2013/02/10: Electrons could have a lightweight charge structure, with more mass as m-filaments. Electrons themselves may have a charge structure that makes up much less of the mass even of the electron so that there are many m-filaments even in an electron" The author had been resisting this idea, since larger quarks seem to attract more glue, and the electron, positron, and small quarks are relatively lightweight. Also, the coils in free electrons and positrons are quite tight and would seem not to support m's as fellow travelers.

2013/02/13: Think about how long it takes to even out changes or influence in an electron shell consisting of coils traveling at the speed of light but overlapping significantly. To be continued.

2013/02/13: Attempts to determine, in the structural mnp Model that hopes to explain “everything”, why the units of h are kgm^2/s. Could this be momentum integrated over length. Or force integrated over time?

2013/02/09: Surely the 2pi denominator for h to ħ is NOT actually a 6 (for 6 strands). Since we are taking spherical projections in some cases and working with coils of basic entities traveling at c in most others, 2pi makes sense.

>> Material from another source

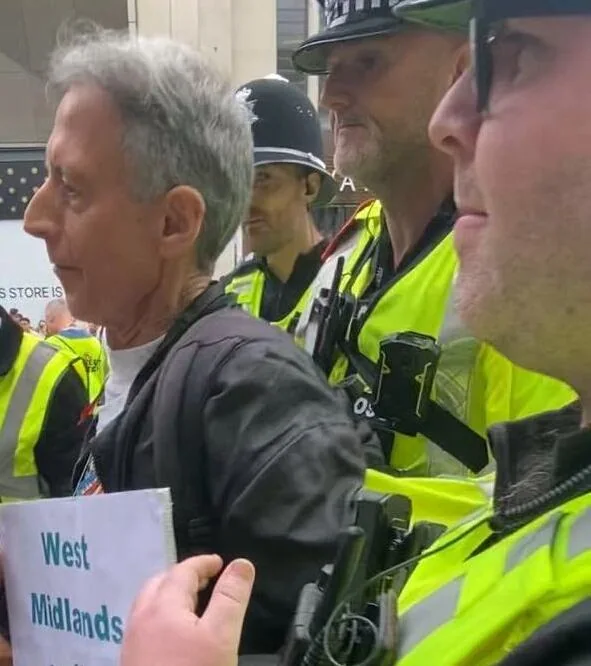 Peter Tatchell being removed by the police from Birmingham Pride March 2025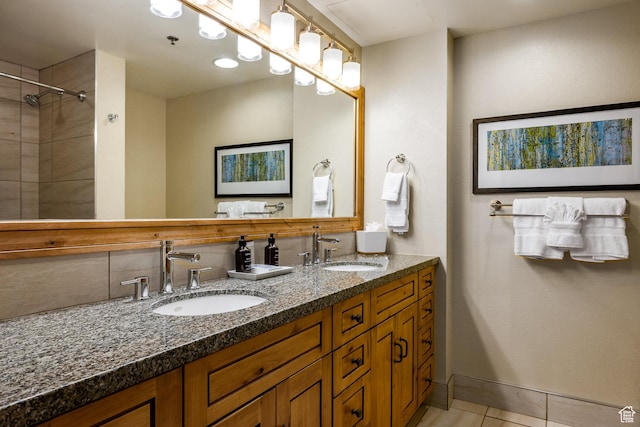 3855 Grand Summit Dr Unit 214Q1, Park City, UT 84098 - full bathroom featuring tile patterned floors, double vanity, baseboards, and a shower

Appendix D - Author's Notes

More diagrams would aid understanding. The author is currently handicapped by a lack of didactic opportunities, which could help identify what needs better or different explanation.

2013-04-26: A turning point: Instead of approaching coils in the electron by logically building from the ring up, modeling could start with a loop and investigate twisting it and seeing how much coverage or what radius it would achieve. That led to questions about even numbers of twists vs. odd numbers (1 twist for 2 coils, 3 for 4 coils). Asking if that additional coil could be related to ħ proved useful as well.

The new Could Twists Themselves Lead to Spin and Angular Orbital Momentum - 2013-06-02 may lead to a quick update of this post.

Edited 2013-06-11: Very minor changes. Shell quantization arguments noted as deprecated.